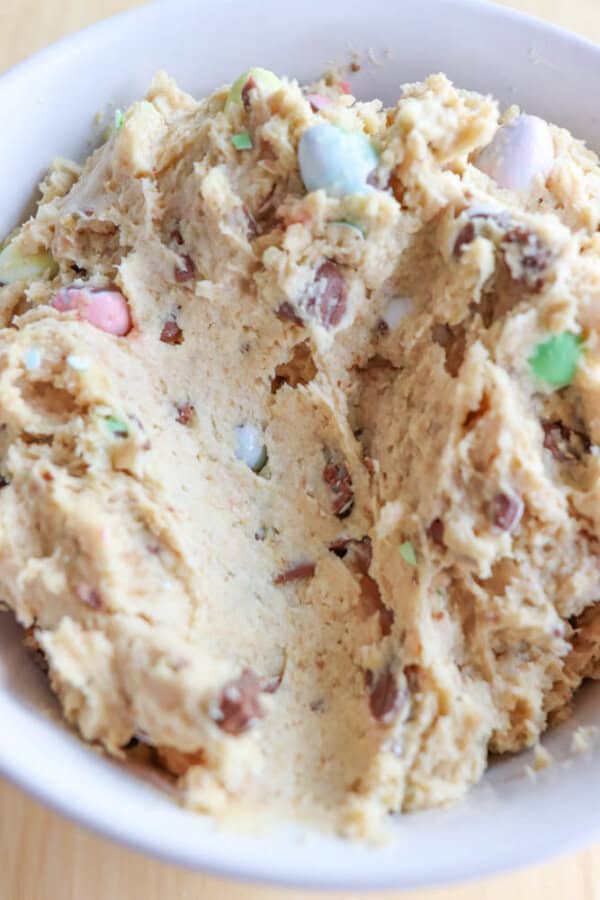 A bowl of cookie dough with colorful candy pieces mixed in. The dough is light beige and has a creamy, textured appearance. The candies are pastel-colored, adding a pop of color throughout the mixture. The bowl is placed on a light-colored surface.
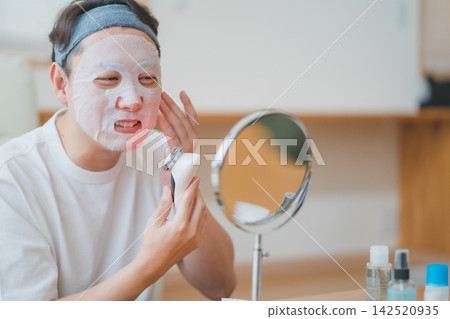 在這段男士美容影片中,一位四十多歲的男子麵帶微笑地使用臉部美容儀敷面膜進行護膚。 在這段男士美容影片中,一位四十多歲的男子麵帶微笑地使用臉部美容儀敷面膜進行護膚。 142520935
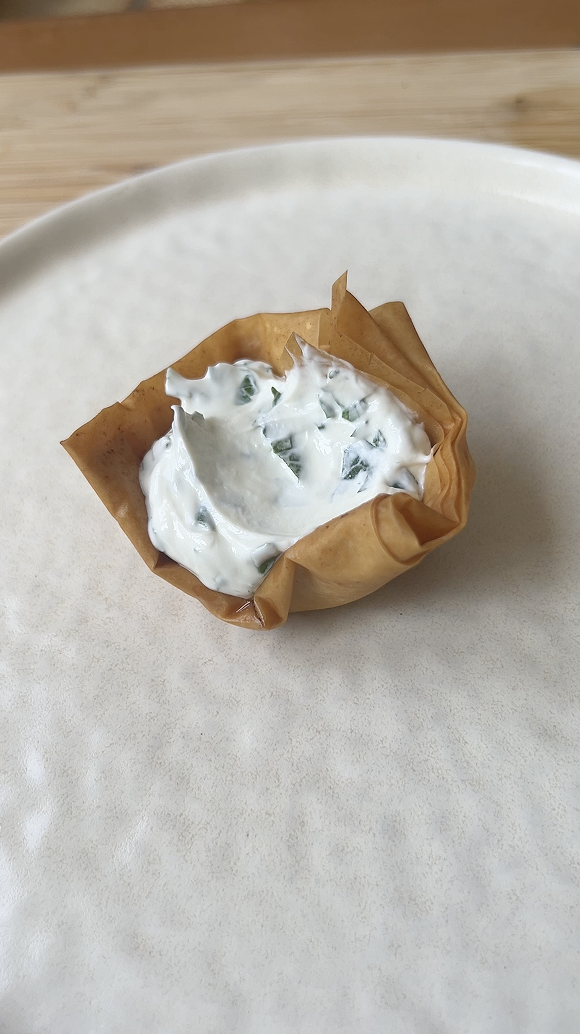 Fromage frais déposé dans une petite cup cuite et dorée.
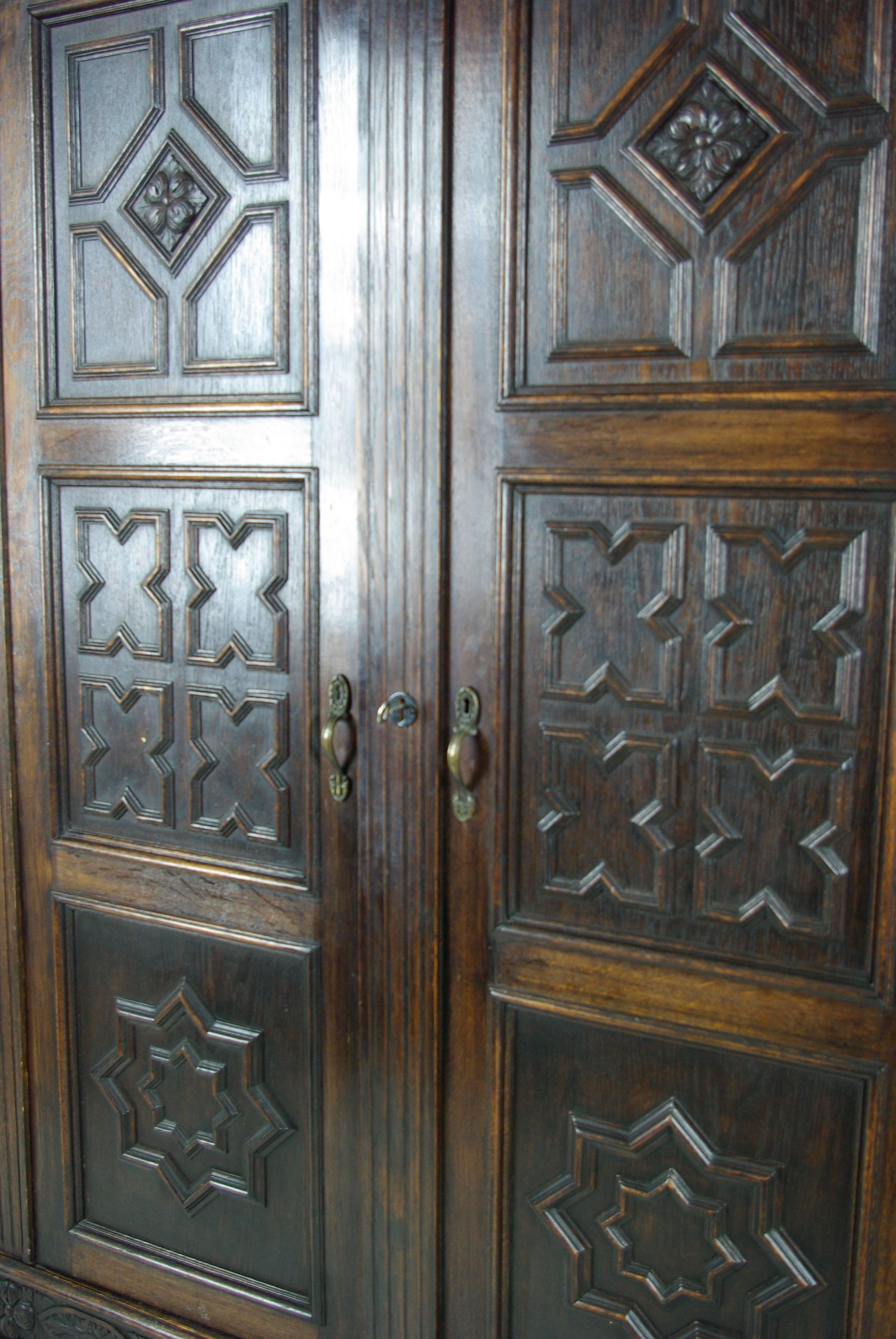 Antique Scottish Heavily Carved Oak Armoire, Wardrobe, Closet In Excellent Condition In Vancouver, BC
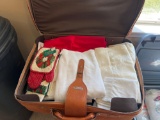 Brown Suitcase with Various Linens- Pot Holders, Oven Mitts, Dresser Scarves, Tablecloths, More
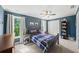 Charming bedroom featuring blue walls, hardwood floors, and a window letting in natural light at 1622 Gates Nw Pl, Atlanta, GA 30318
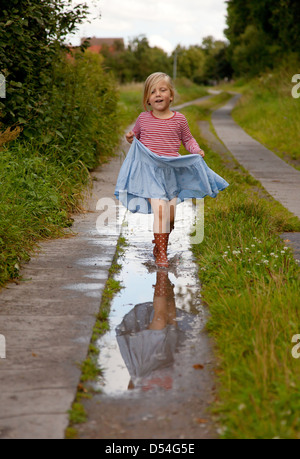 Rühstädt, Allemagne, une jeune fille jouant dans une flaque d'eau sur une route de terre Banque D'Images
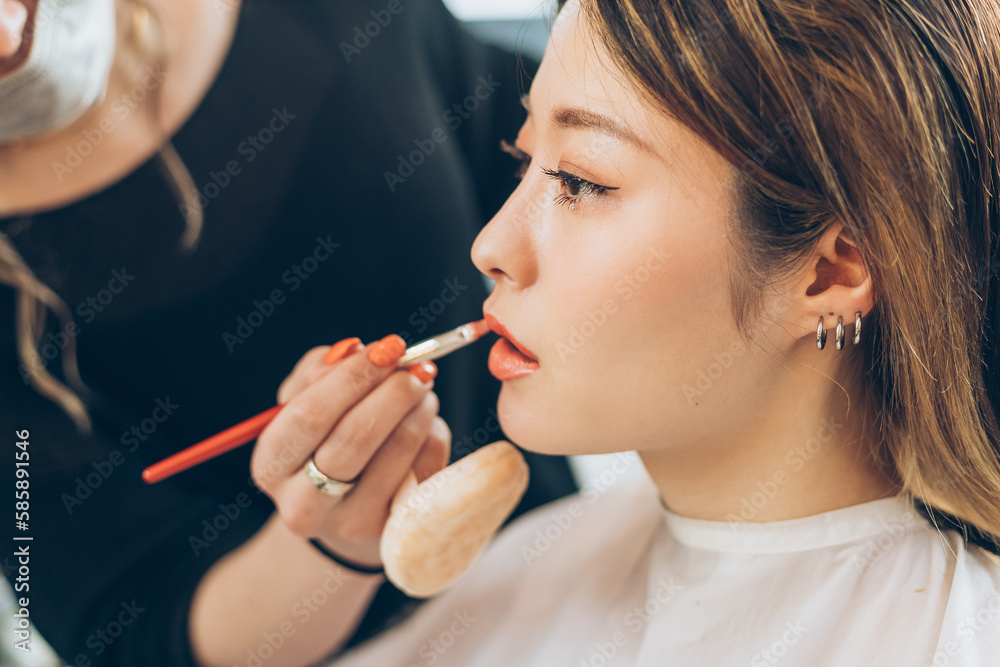 Obraz premium 美容室でリップメイクをする女性
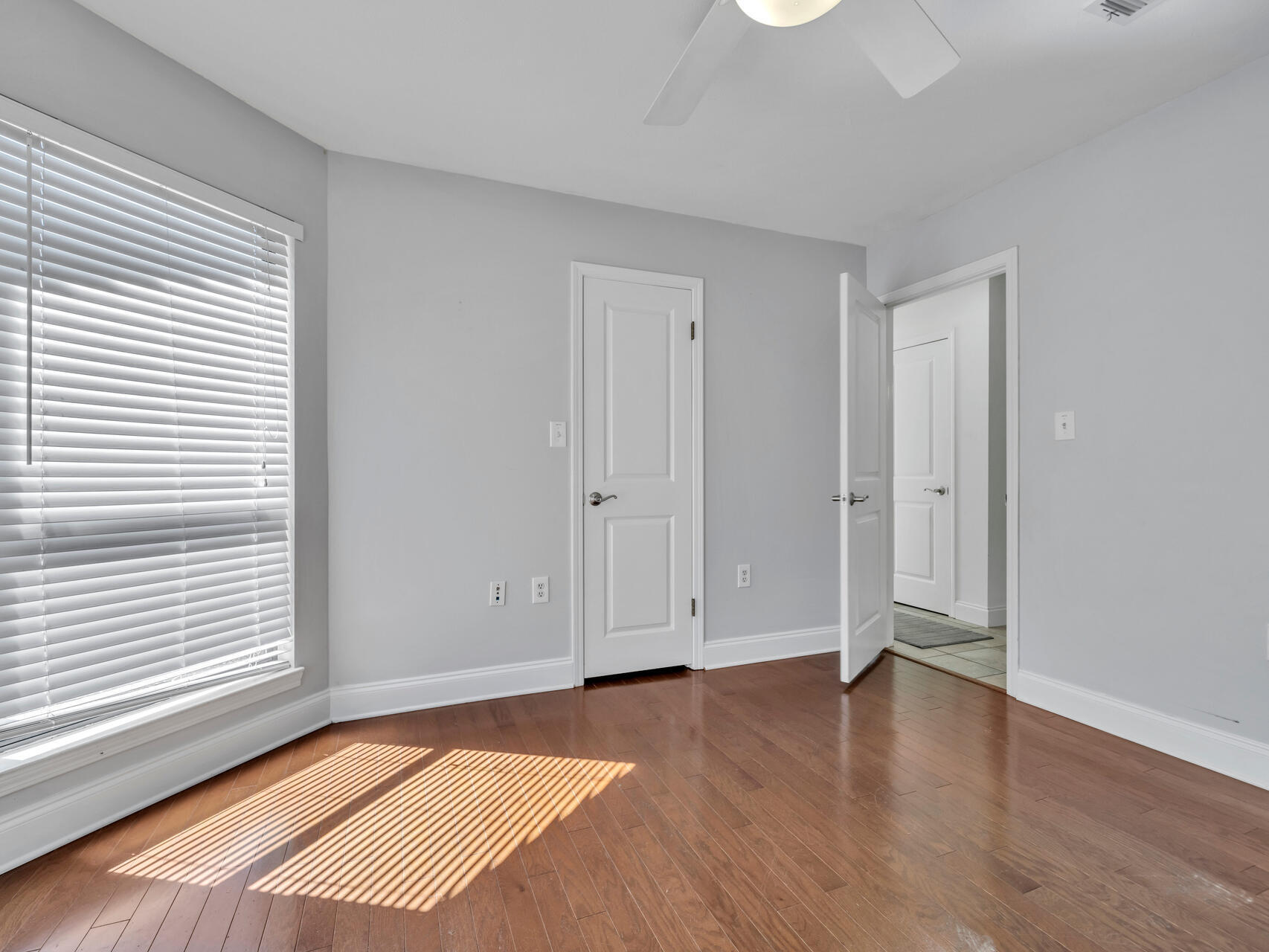 1182 Muirfield Way Niceville, FL 32578 - Photo 39 of 45 an empty room with wooden floor and windows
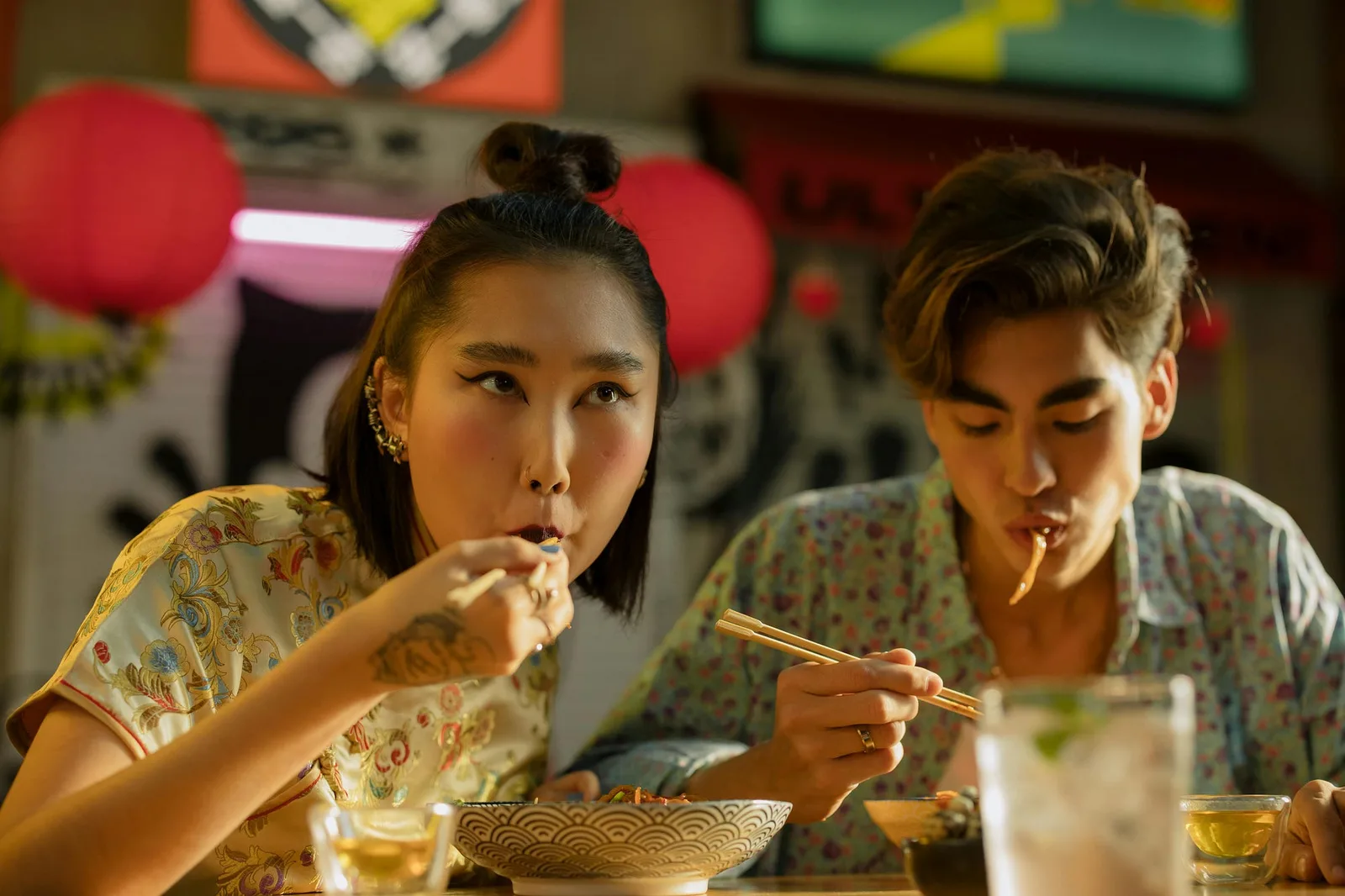 A young couple eating noodles together at a street food stall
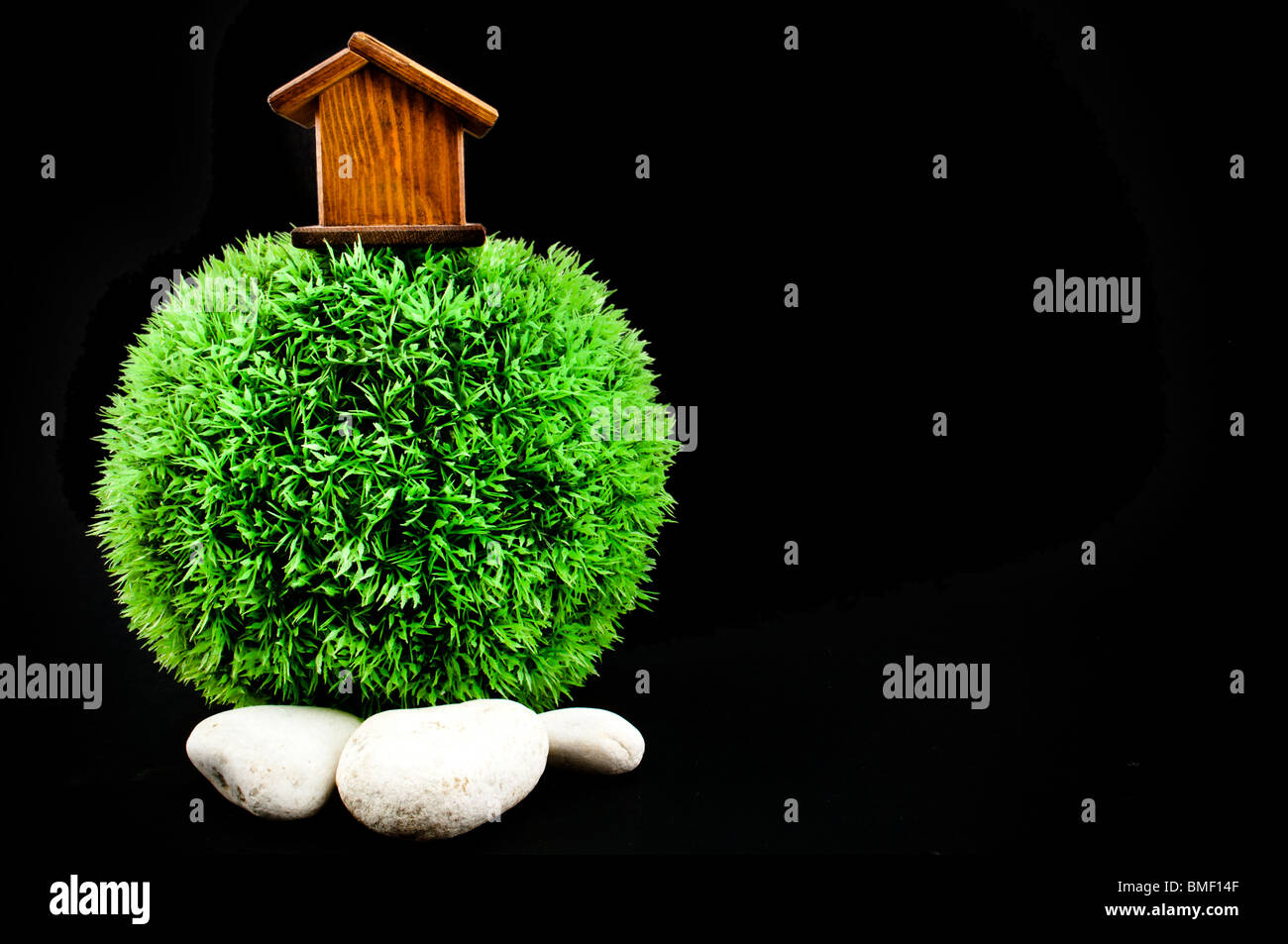 Casa in legno sul mondo sempreverde con pietre bianche Foto Stock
• • • • •
Task objective -> Set down exactly and only the lines from the line that contains "Obraz premium 美容室でリップメイクをする女性" through the last line of the entries above, with both of those lines included and the pictures left out.

Response for this exercise ->
 Obraz premium 美容室でリップメイクをする女性
 1182 Muirfield Way Niceville, FL 32578 - Photo 39 of 45 an empty room with wooden floor and windows
 A young couple eating noodles together at a street food stall
 Casa in legno sul mondo sempreverde con pietre bianche Foto Stock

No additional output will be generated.